I’ll never forget a few members at my gym at the time who not only sent flowers, wore cancer support bracelets, and hung up a cancer ribbon in teal and white to honor my fight with this particular cancer. I was truly touched. Even here at KFit where we are able to honor my fight with a workout and awareness each January is absolutely priceless and warms my heart like no other.

I was training for my second Boston Marathon when I got my news. I knew deep down in my heart nothing would stop me from running that race (I was stopped from running the year before due to the terrorist attack). This was a redemption year and even though my surgeon advised against it I knew (and she knew) that nothing would stop me. I was cancer free at the end of March and had only three weeks to train since I had stopped in January before the surgeries. I poured my heart and soul (and wheezing and hamstring tightness) into those next three weeks and I ran the marathon on that beautiful day in April. I will NEVER EVER forget the last 300 meters of that race and seeing all my friends and family at the finish line SCREAMING, “You did it, you really did it!” Damn right, I did it! I even did a burpee! My parents and sister all had a face full of tears and I have never felt more love in my heart and holy good god I am going to say it – I was proud of myself.

I still continue to go through low times not very often, but they creep up here and there. At the beginning of 2019, I decided to give up my eggs. It was very draining for me not only on a financial level but mentally too. With my fiance by my side we met with my fertility doctor and decided to discard what I had harvested years prior. I ultimately felt it wasn’t meant for me to be a mother in this way. I’m an amazing cat mom and I think I’m a pretty good “fake auntie” and I’m perfectly okay with that.  I still find it hard to be surrounded by friends and family with babies at times and deep down I think, – why did this have to happen to me? Then I hold my head up high and think this happened to me because I am strong enough to handle it.

I find my scars to be my gifts from my journey. My ab scars are the most profound of all my others (mostly tomboy childhood scars) not to mention my bellybutton will never be the same. These marks remind me that skilled surgeons unlocked me with their tools, took out what had to be taken, sewed me back up and saved my life. It is almost as if they left their life-giving signatures on my skin. I’ve always believed in the power of stories and that’s what scars do.
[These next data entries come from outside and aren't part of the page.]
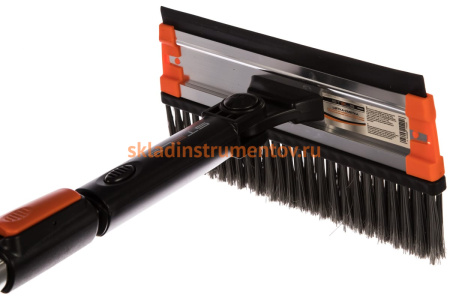 Телескопическая щетка-сметка для снега со скребком и водосгоном, поворотная голова STELS 55299 Телескопическая щетка-сметка для снега со скребком и водосгоном, поворотная голова STELS 55299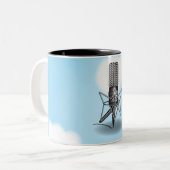 Microphone Sky Zweifarbige Tasse (Vorderseite Links)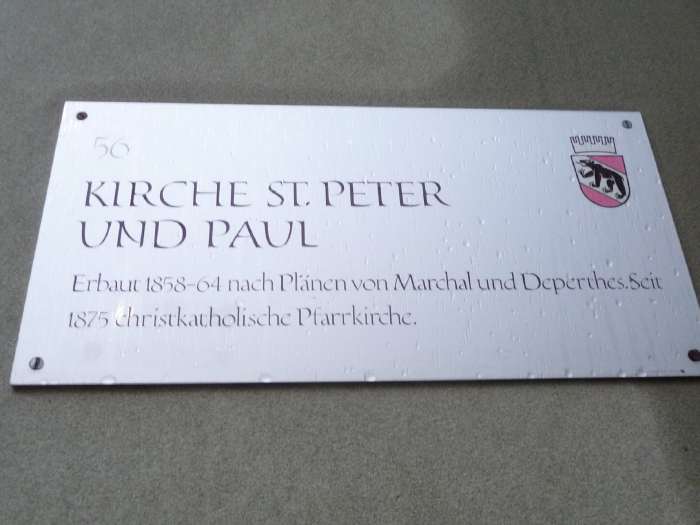 — Plaque de l'église Pierre et Paul — Berne (CH) —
They allow me to tell my story and spread awareness to others which is the best gift of all.

So many changes followed this whole process but here is just a few:

My body, my attitude, my strength, my motivation, my willpower.

Things I have learned:

I have learned that we are not guaranteed any amount of time on this earth and even though I was healthy – something was wrong on the inside so just because you feel “healthy” doesn’t mean you are.

I’ve learned that I have made plans to do things on my bucket list sooner rather than later because there may not be a later.
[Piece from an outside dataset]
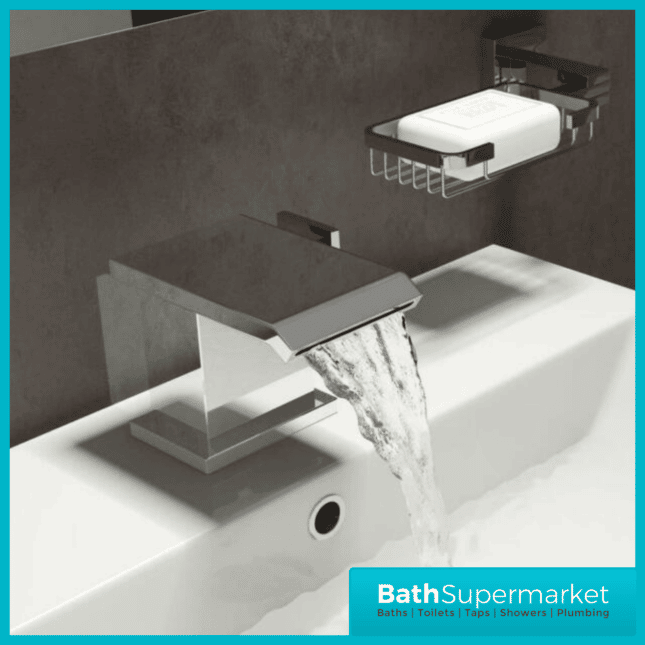Miami Cascade Waterfall Chrome Mono Basin Mixer Tap- Clicker Waste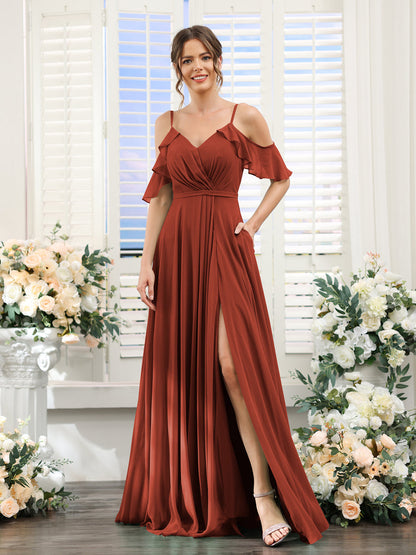 Vestidos de Dama de Honra Em Chiffon Linha A com Alças Finas e Mangas Curtas Divididas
Maintaining a healthy diet and level of fitness is super important especially in your recovery time.

Don’t sweat the small stuff. JUST DON’T. Ain’t nobody got time for that!
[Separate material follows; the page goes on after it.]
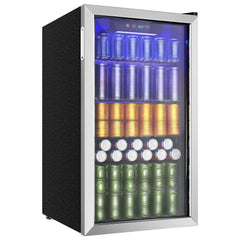 EKOJUCE Beverage Refrigerator and Cooler, 126 Can Mini fridge with Glass Door, Small Refrigerator with Adjustable Shelves for Soda Drinks or coco, Perfect for Home/Ba r/Office (Black/Sliver Steel)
Your glass is half full if that’s how you believe it to be.

Travel is good and it puts you into an entirely new place with new people and new surroundings. Forget the negative stuff and be completely in the present.

Sunshine is medicine for the soul. Go outside!

Finally, don’t let fear get the best of you. Being afraid is a horrible feeling. It clouds your judgment and never helps a situation. If something bad is going to happen, it will happen whether you are afraid or not. BE BRAVE. You are never dealt anything that you can’t handle.

The KFit community is remarkable for so many reasons but one of the top is because we get to share our stories and live, love, learn, and support each other along the way. Thank you for letting me put mine out there. I can only hope you take a piece from it and use it in a powerful and positive way.